Why You’ll Love This Cornbread
- Quick and easy to make
- No mixer required
- Slightly sweet, extra buttery flavor
- Crunchy-crisp edges
- Moist and tender, not too crumbly
One reader, EL, commented: “I am Southern. I have tried SO MANY cornbread recipes and none have tasted like home like this one. It’s now my go-to recipe and is always a hit!! ★★★★★”
What I Learned From Recipe Testing
Cornbread is like coconut macaroons. Random comparison I know, but hear me out. Both are very easy to make, but their success depends on the ratio of ingredients. When done wrong, cornbread (and macaroons!) can be dry, crumbly, and flavorless. But when done right, this quintessentially American quick bread is moist, tender, and flavorful.
While testing batch after batch, I played around with butter vs. oil, regular milk vs. buttermilk, the ratio of flour to cornmeal, and different sweeteners.
Here are the key ingredients you need:
- Butter: Butter is one of the main flavors here. While oil can make cakes and quick breads luxuriously tender, I find the cornbread lacks flavor if butter isn’t present. Because butter doesn’t make the bread as moist as oil does, I pair it with buttermilk.
- Buttermilk: Buttermilk makes cakes, muffins, and breads extra moist. It also adds flavor, and you’ll notice that flavor in my no-yeast bread and biscuits recipes, too.
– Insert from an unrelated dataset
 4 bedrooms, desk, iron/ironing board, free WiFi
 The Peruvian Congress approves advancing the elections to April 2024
- Cornmeal & Flour: Equal parts fine cornmeal and all-purpose flour makes for the BEST cornbread. With 1 cup of cornmeal, you get lots of that delicious corn flavor, and those crisp-crunchy edges.
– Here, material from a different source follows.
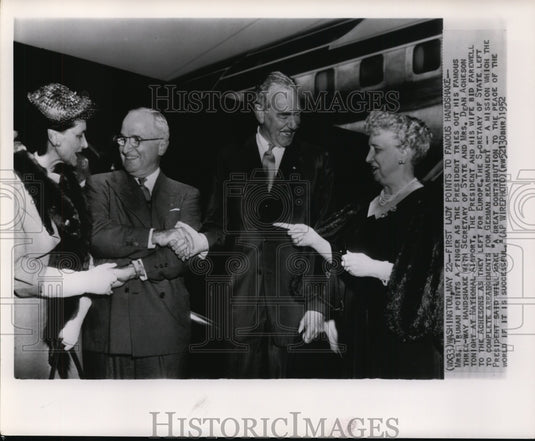 1952 Press Photo Pres.&Mrs. Truman,Sec. State&Mrs. Dean Acheson at Nat'l Airport - Historic Images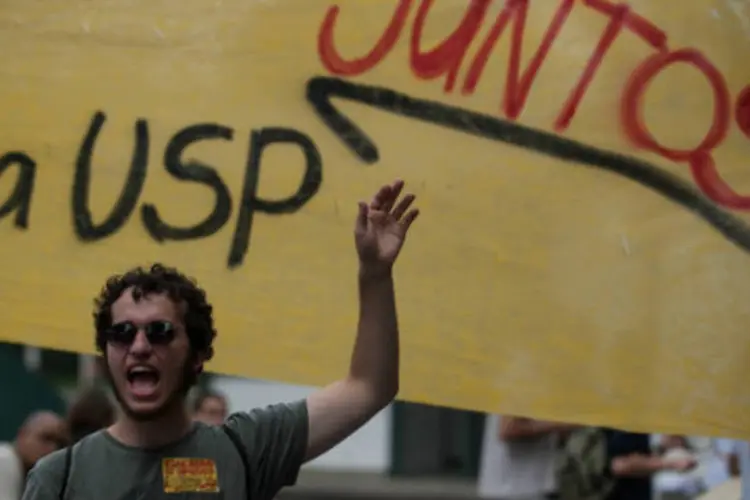 
	Estudantes da USP protestam: DCE manifestou rep&uacute;dio &agrave; decis&atilde;o judicial, lembrando que por duas vezes a Justi&ccedil;a negou o pedido de reintegra&ccedil;&atilde;o de posse feito pela reitoria
 (Agência Brasil)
- Brown Sugar & Honey: There are two opposing camps when it comes to how cornbread should taste: sweet vs. not sweet. This particular recipe falls more towards the sweet end of the spectrum. While it’s not as sweet as cake, it does have some sugar and a hint of honey to balance out the savory buttermilk flavor, and enhance the natural sweetness of the cornmeal. Regular white sugar is fine to use here, but I especially love this made with flavorful, moist molasses-spiked brown sugar.
And the rest:
Baking cornbread is as easy as mixing the wet and dry ingredients separately, and then combining them into 1 thick batter.
Spread into a greased or lined square 9-inch baking pan. And try it in a cast iron skillet! My skillet cornbread is a forever favorite recipe, too.
What Is Cornmeal?
A lot of readers ask about cornmeal. What is cornmeal? Is cornmeal the same as cornstarch/cornflour? What about polenta and grits? It can certainly be confusing. Cornmeal is dried and ground corn. It’s typically found in the baking aisle of most grocery stores. If you’re curious, here’s an article I found about the differences between many dried corn products, including cornmeal, polenta, and cornstarch.
More Cornbread FAQs
I usually use fine cornmeal to make cornbread, but if medium-ground or coarse is all you can find, you can use that, too. Yellow cornmeal is the most common, but if you have white cornmeal, that’s also fine to use.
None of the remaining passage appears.